» TASK GOAL:
Copy only the lines between the one containing "武汉网贷负债如何清偿？能减免需要懂什么诀窍？" and the end of the records, both included, leaving out pictures.

» SUPPLIED RECORDS:
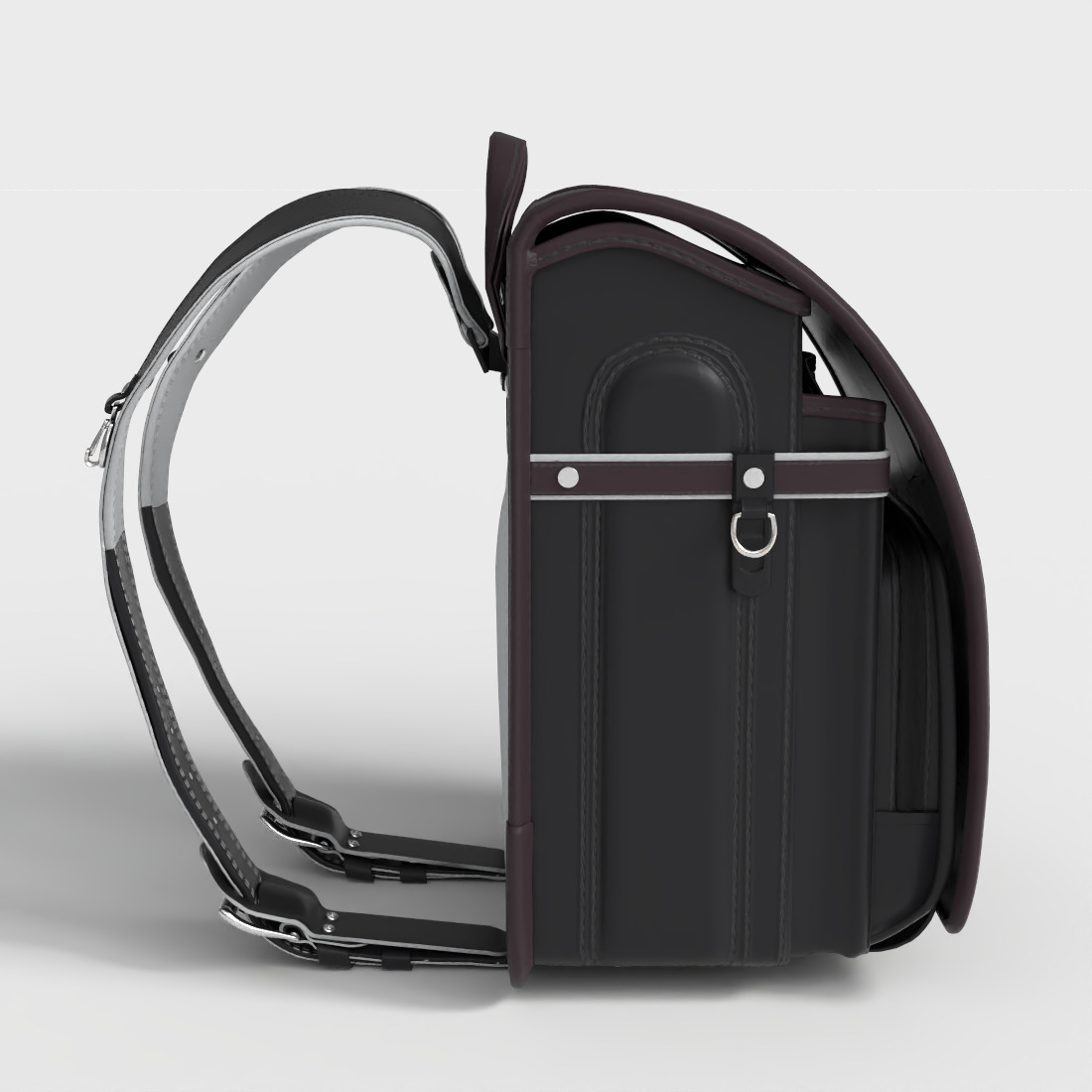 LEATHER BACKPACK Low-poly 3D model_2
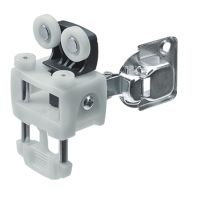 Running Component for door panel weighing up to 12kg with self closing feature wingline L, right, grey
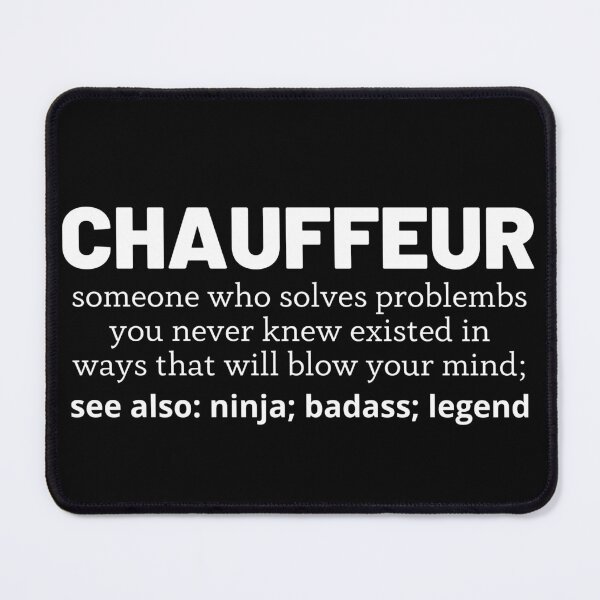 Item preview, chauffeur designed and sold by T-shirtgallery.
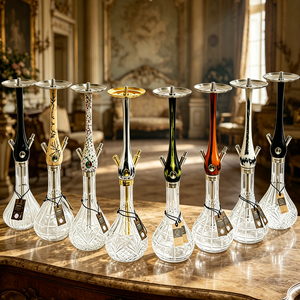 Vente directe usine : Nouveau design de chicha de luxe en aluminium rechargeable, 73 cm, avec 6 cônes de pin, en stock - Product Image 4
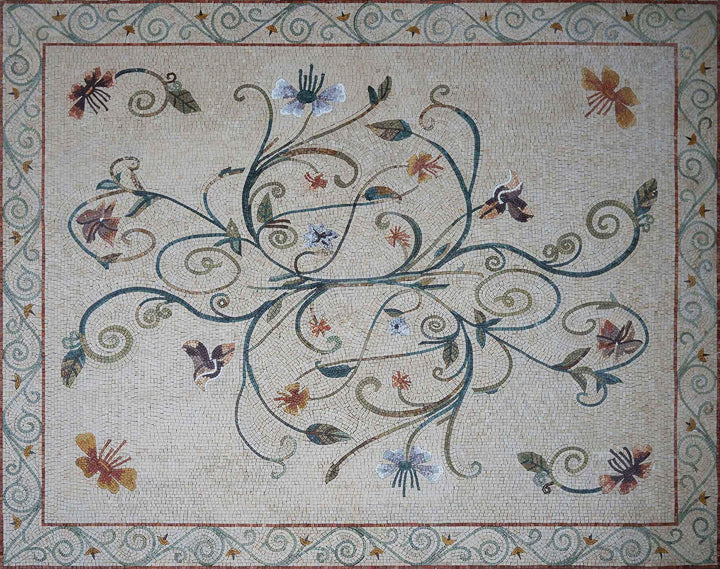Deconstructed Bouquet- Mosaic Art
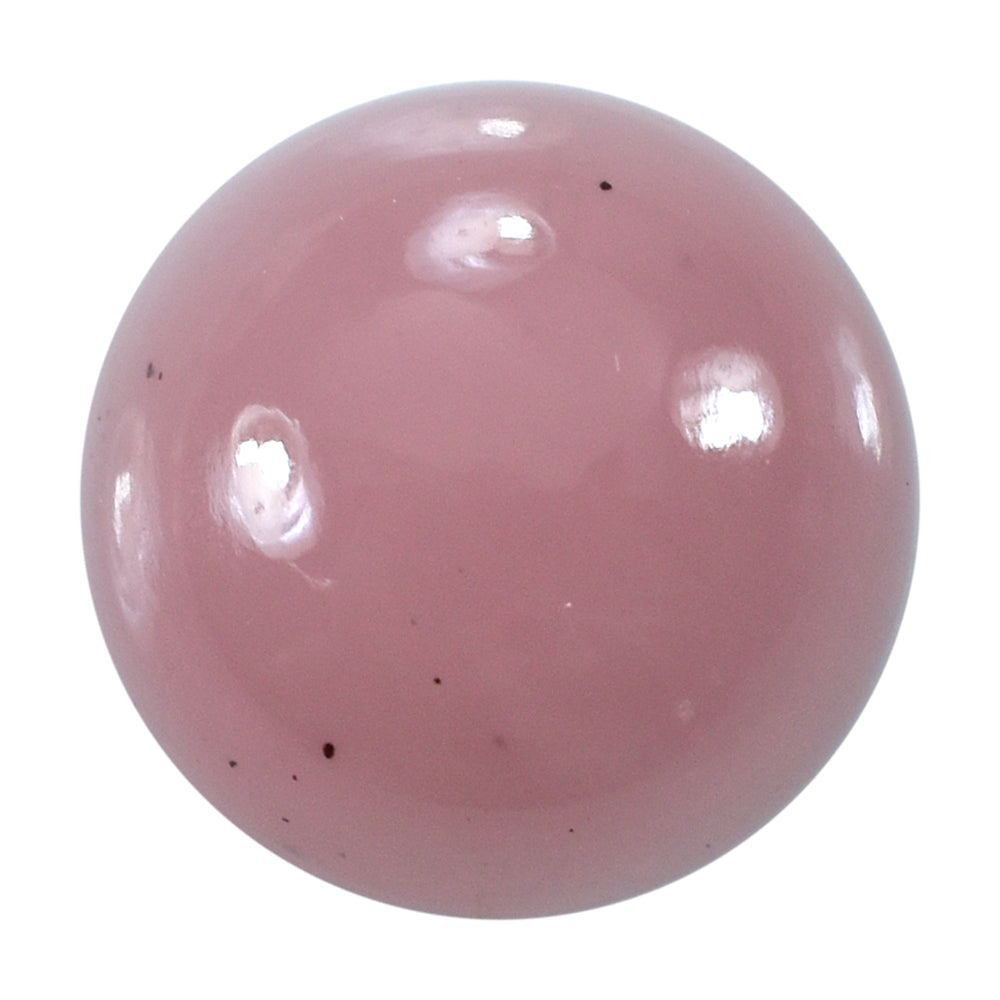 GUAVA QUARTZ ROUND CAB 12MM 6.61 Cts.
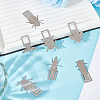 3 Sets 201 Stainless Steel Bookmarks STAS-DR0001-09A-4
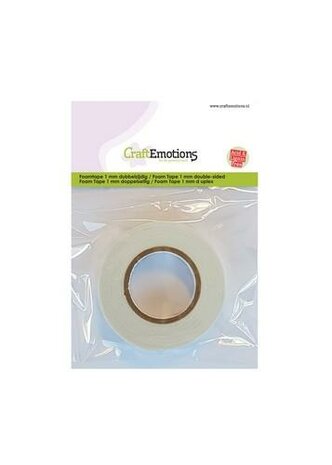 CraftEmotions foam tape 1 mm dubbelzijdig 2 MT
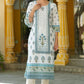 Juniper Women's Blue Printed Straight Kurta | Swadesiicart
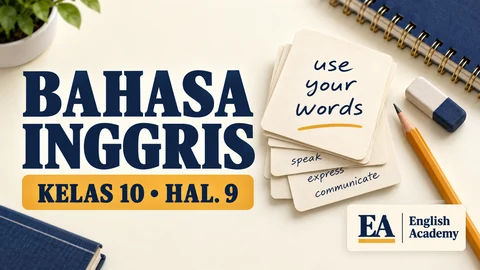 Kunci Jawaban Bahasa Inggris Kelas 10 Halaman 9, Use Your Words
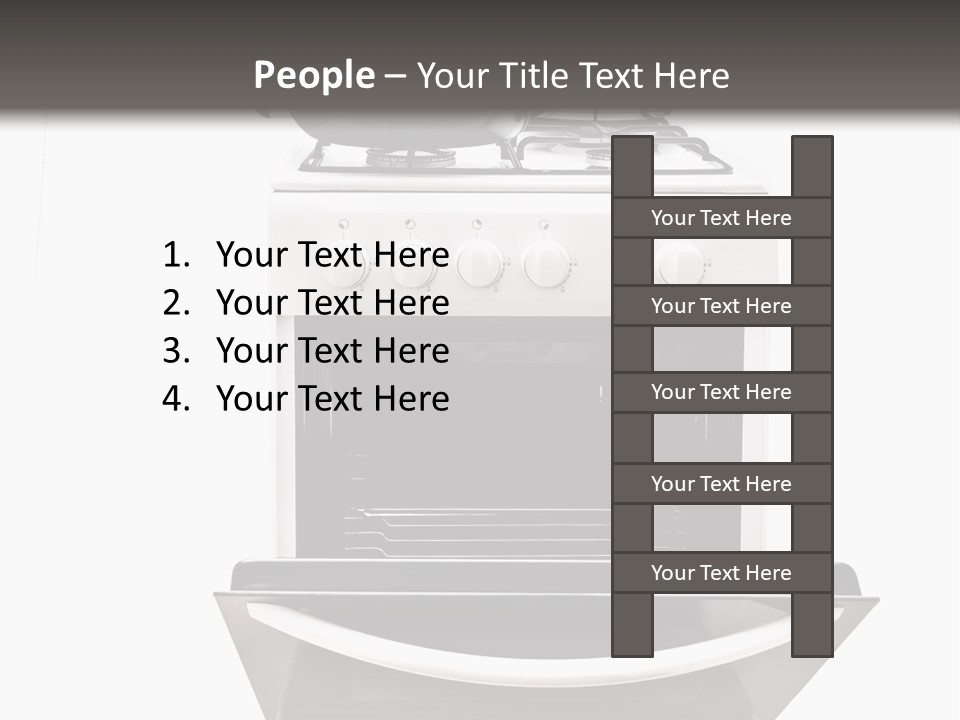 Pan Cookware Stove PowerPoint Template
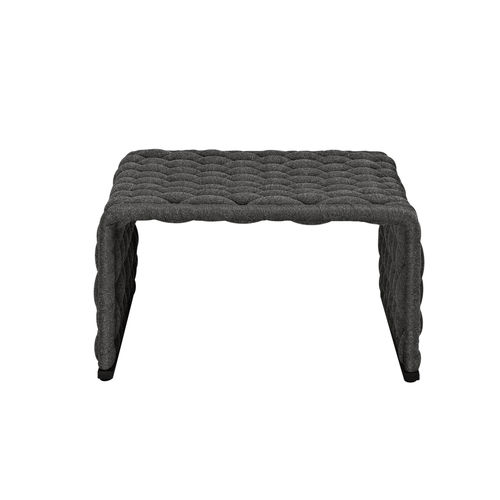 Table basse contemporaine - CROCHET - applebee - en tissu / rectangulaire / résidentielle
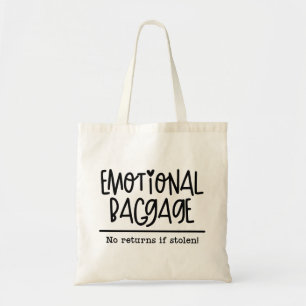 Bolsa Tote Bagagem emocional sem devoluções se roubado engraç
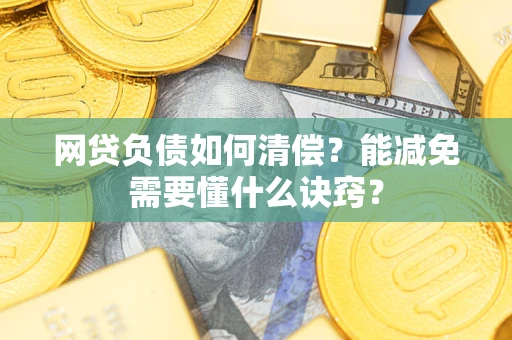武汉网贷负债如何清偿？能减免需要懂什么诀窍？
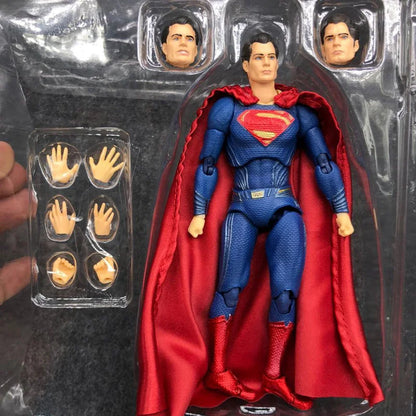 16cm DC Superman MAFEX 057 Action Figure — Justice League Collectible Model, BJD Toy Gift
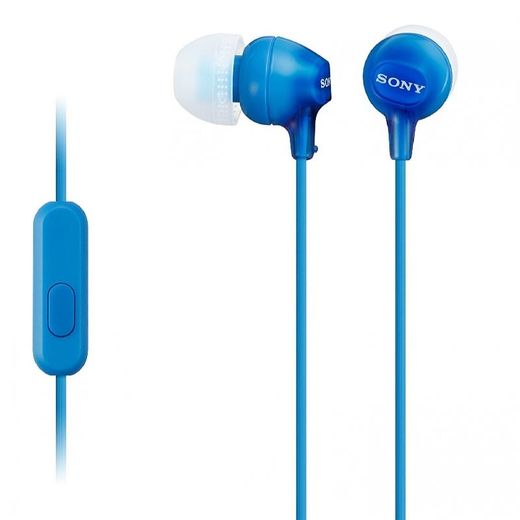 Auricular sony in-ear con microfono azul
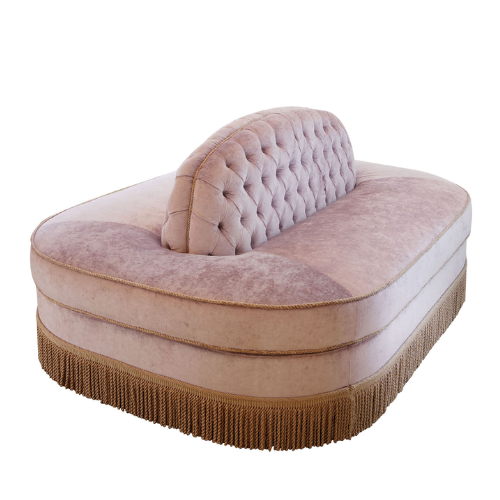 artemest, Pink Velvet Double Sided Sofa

» OUTPUT OF THE TASK:
武汉网贷负债如何清偿？能减免需要懂什么诀窍？
 16cm DC Superman MAFEX 057 Action Figure — Justice League Collectible Model, BJD Toy Gift
 Auricular sony in-ear con microfono azul
 artemest, Pink Velvet Double Sided Sofa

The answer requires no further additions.